= Gustavo R. Paz-Pujalt =

Peruvian American scientist and inventor (born 1954)

Gustavo R. Paz-Pujalt (born 1954) is a Peruvian American scientist and inventor. He holds 45 US patents and 59 international patents mainly in the areas of remote sensing, thin films, sensors, and upconversion materials.

==Education==
Paz-Pujalt was born August 9, 1954, in Arequipa, Peru. He is of Galician and Welsh descent on his father's side and Catalan and Basque on his mother's. He graduated from San Andrés (Colegio), an Anglo Peruvian college preparatory school in Lima, Peru. He graduated with honors and received the Miller Prize for accomplishments in English.
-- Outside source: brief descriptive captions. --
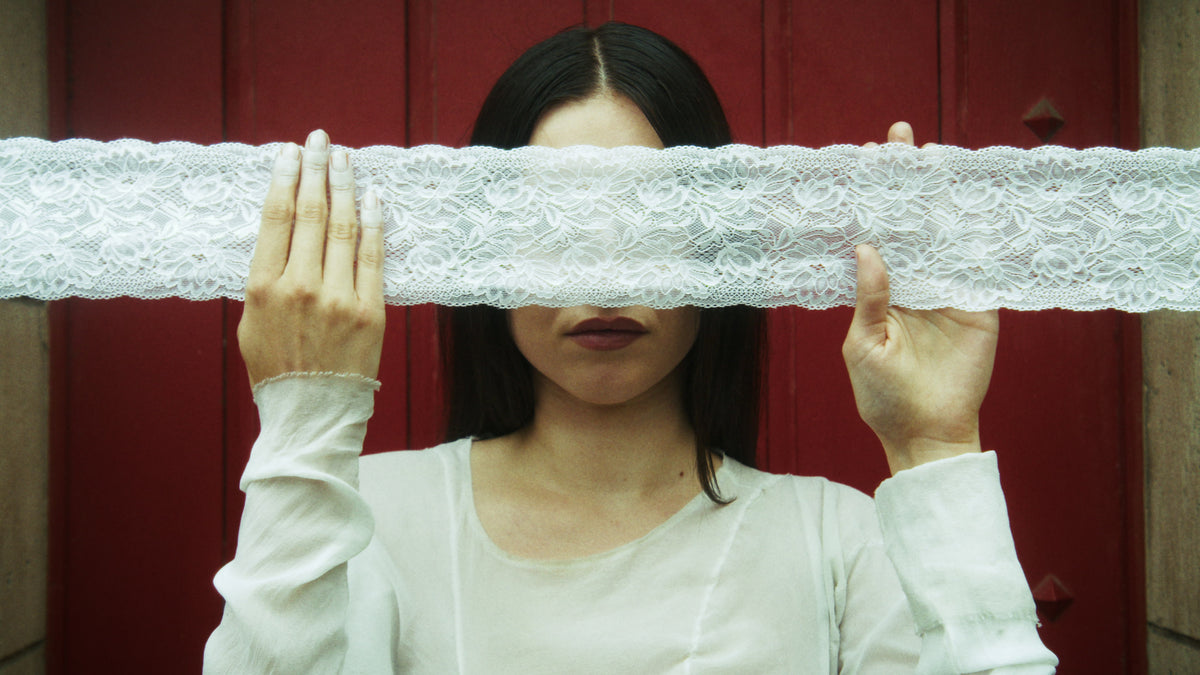 Adelina Bernard pre-campaign Like the Peeling of a Pomegranate woman holding white lace over her eyes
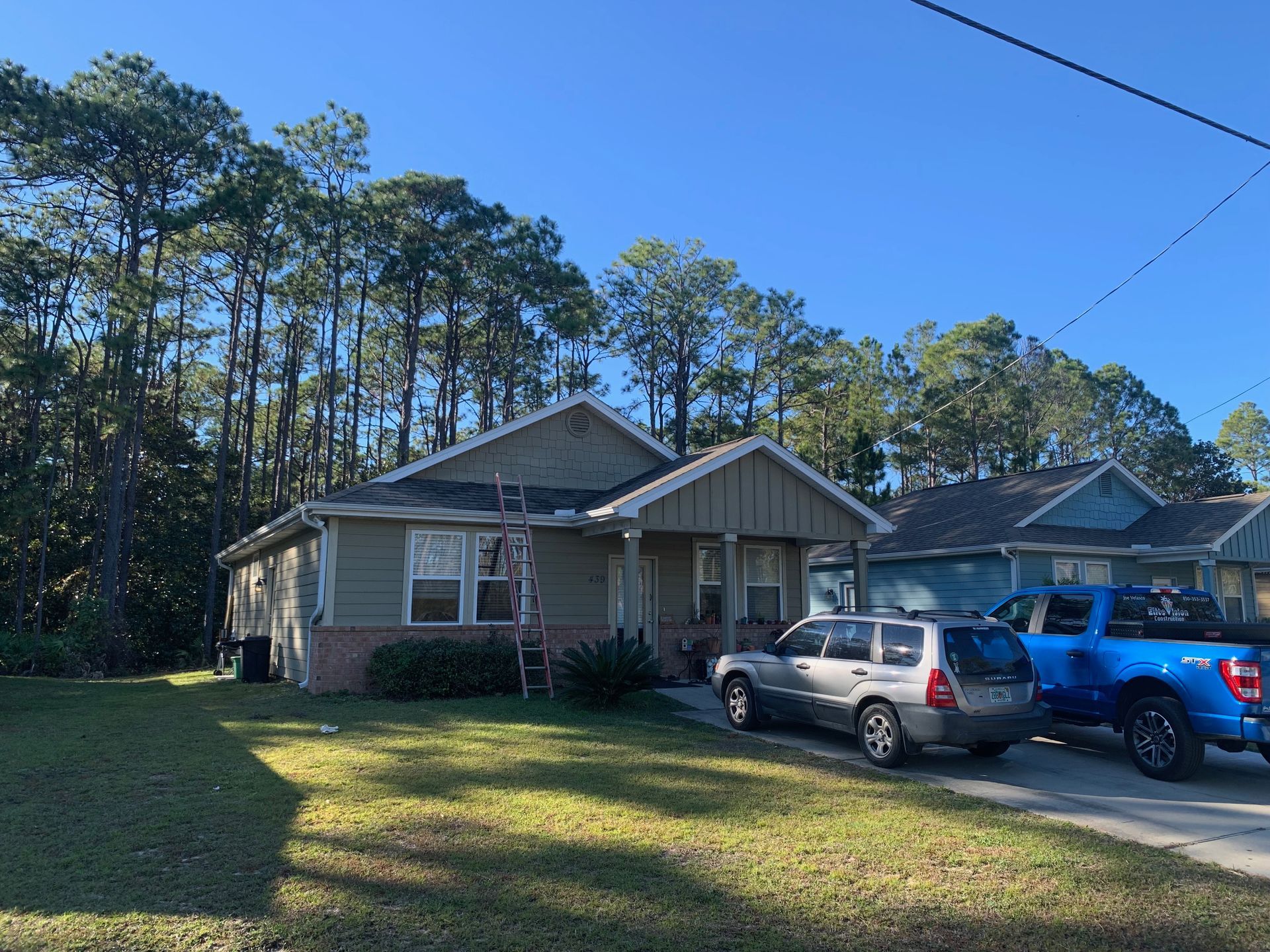 Green house with white trim, ladder on roof. Cars parked in driveway under blue sky.
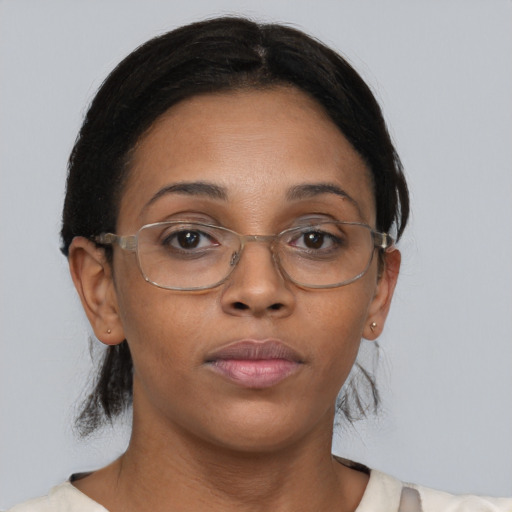 Neutral black adult female with medium  brown hair and brown eyes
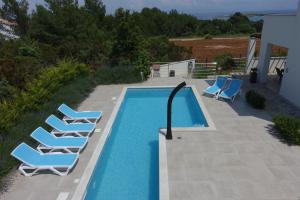 a swimming pool with lounge chairs next to a swimming pool at Villa Mare in Ližnjan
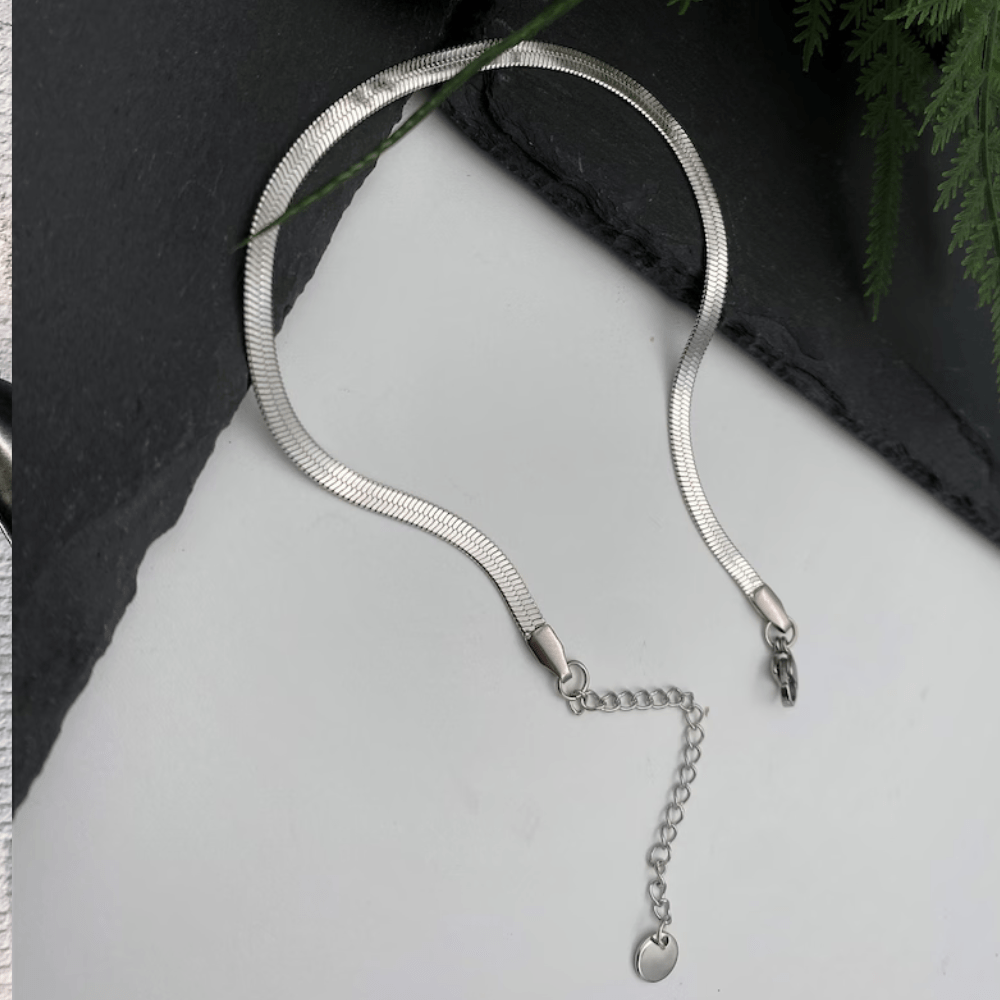 Minimal silver anklet for women with adjustable chain and heart charm detail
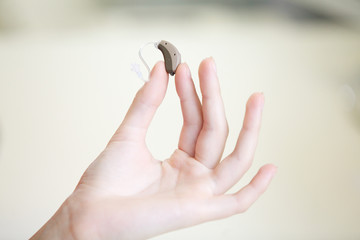 Very small hearing aid in a female hand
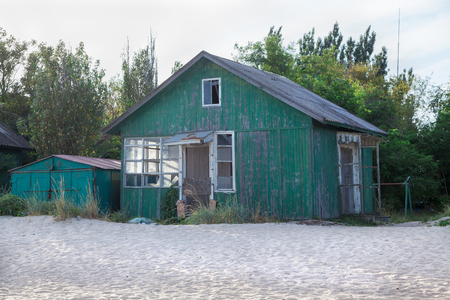 Dilapidated apartment buildings of abandoned soviet resting base on the sea coastの写真素材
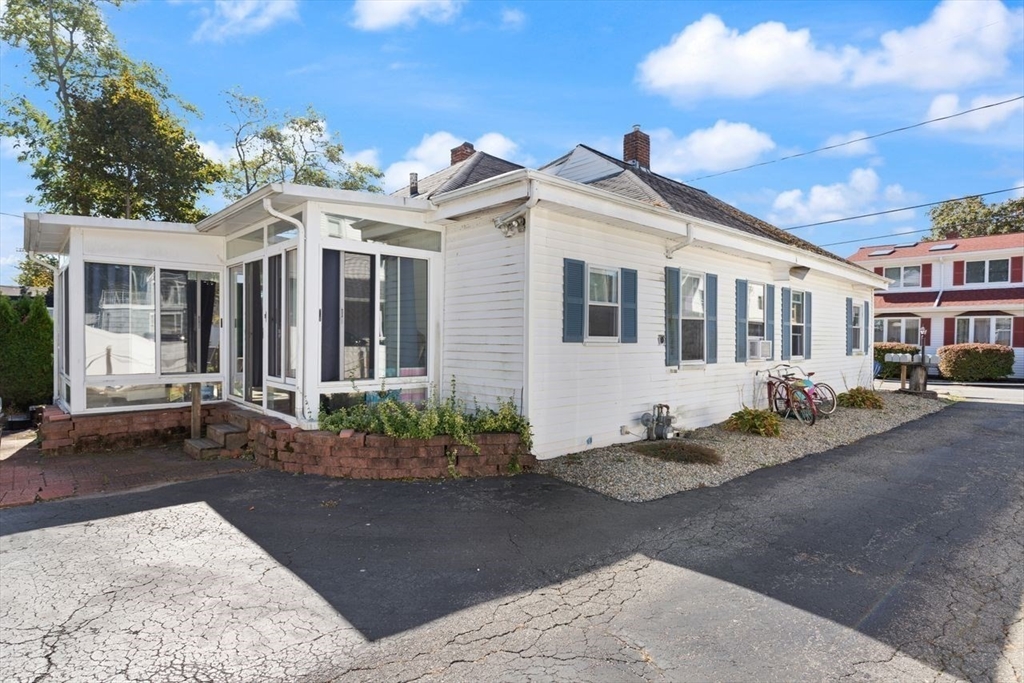 66 Bayview Street Wareham, MA 02571 - Photo 3 of 37 a view of a white house with large windows and potted plants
Paz-Pujalt did his undergraduate work at the University of Wisconsin-Eau Claire and completed his Ph.D. in physical chemistry at the University of Wisconsin–Milwaukee. His doctoral adviser was George Keulks. He was also mentored by the distinguished professor W. Keith Hall. During this time he studied surface science under Gert Ertl, winner of the Nobel Prize in Chemistry. Additionally, Paz-Pujalt has received numerous executive level diplomas from MIT and Wharton.

==Positions==
He was the Eastman Kodak Company's Senior Research Associate from 1986 to 2004, the Director of Technology for IPValue at Xerox from 2004 to 2007, and is currently the CEO of Idealurgy, a knowledge company, which currently serves the needs of Fortune 500 corporations, International Industry Consortia, and major international research universities. Paz-Pujalt's patents are seminal to the formation of Frintz.com, an industry changing advertising medium. Other parts of his portfolio have been sold or licensed to Intellectual Ventures, IT&T Manufacturing, Excelis, Harris Corporation, Amazon, Meta, Microsoft, and TikTok.